• _Data records_:
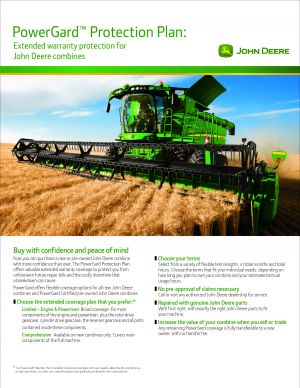 John Deere Combine Powerguard
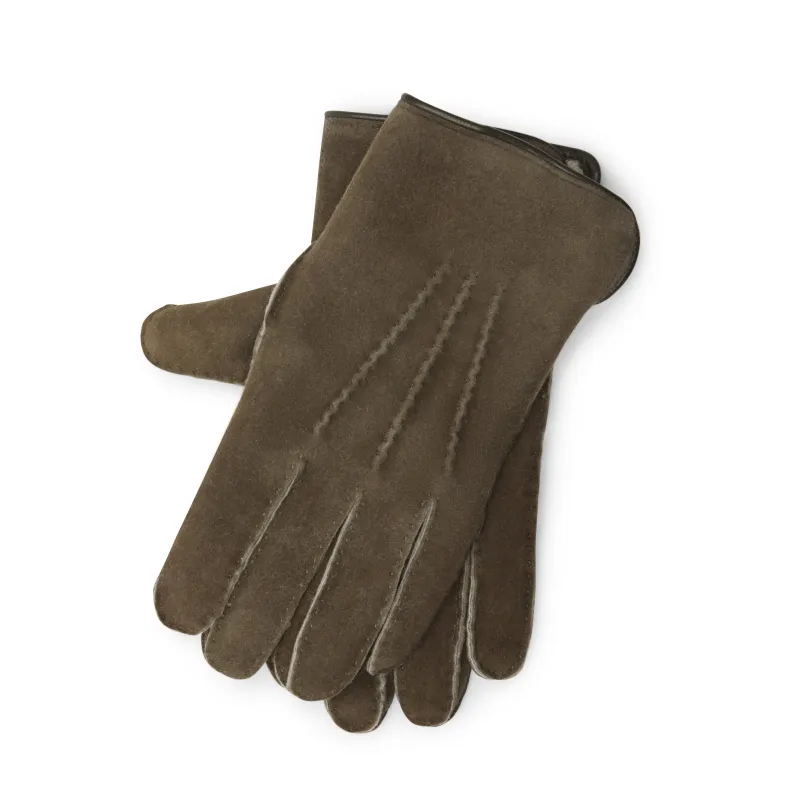 Guanto da uomo in shearling made by Fratelli Rossetti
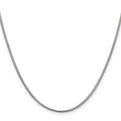 14K White Gold 18 inch 1mm Franco with Lobster Clasp Chain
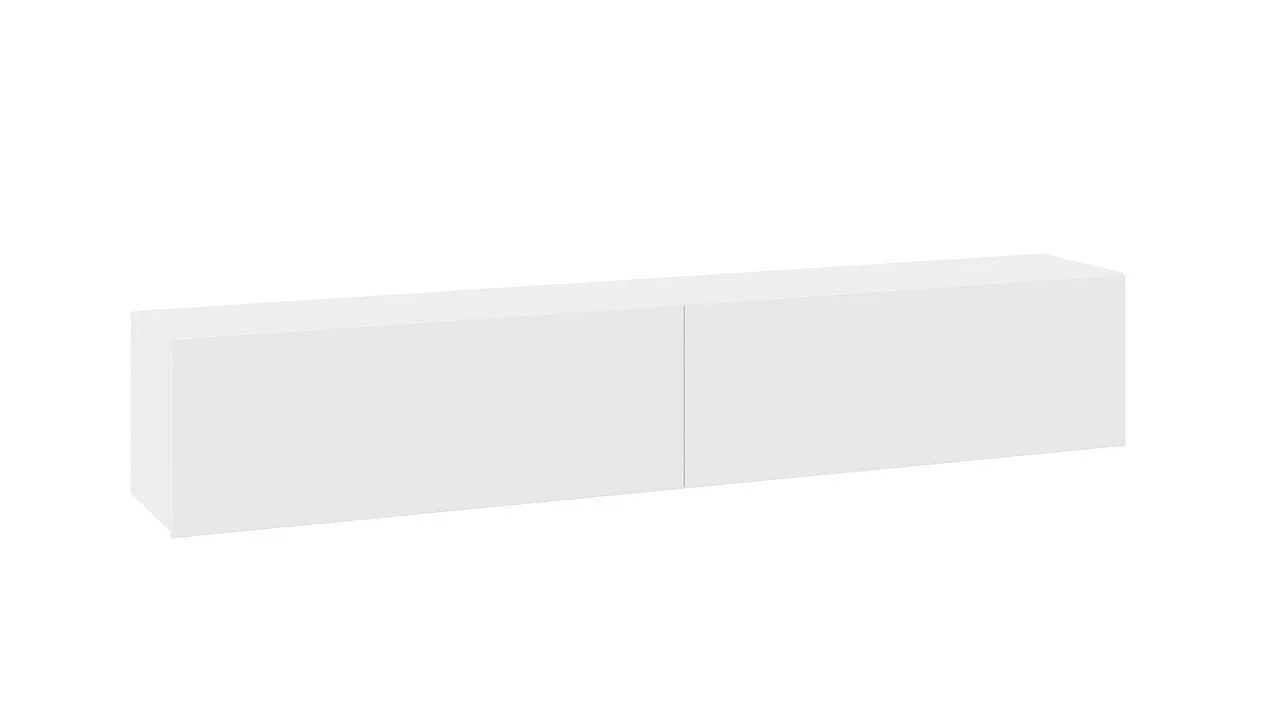 Шкаф навесной Порто белый жемчуг белый софт ТД-393.12.21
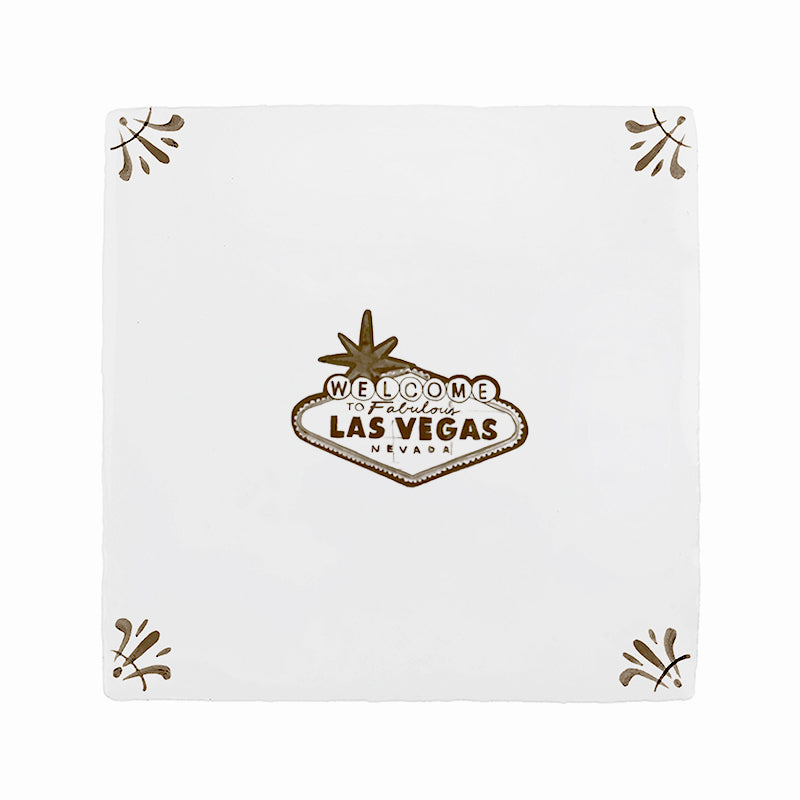 Las Vegas Sign Delft Tile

• _DIRECTIONS_:
Transcribe all records verbatim and omit each image.

• _YOUR SOLUTION_:
 John Deere Combine Powerguard
 Guanto da uomo in shearling made by Fratelli Rossetti
 14K White Gold 18 inch 1mm Franco with Lobster Clasp Chain
 Шкаф навесной Порто белый жемчуг белый софт ТД-393.12.21
 Las Vegas Sign Delft Tile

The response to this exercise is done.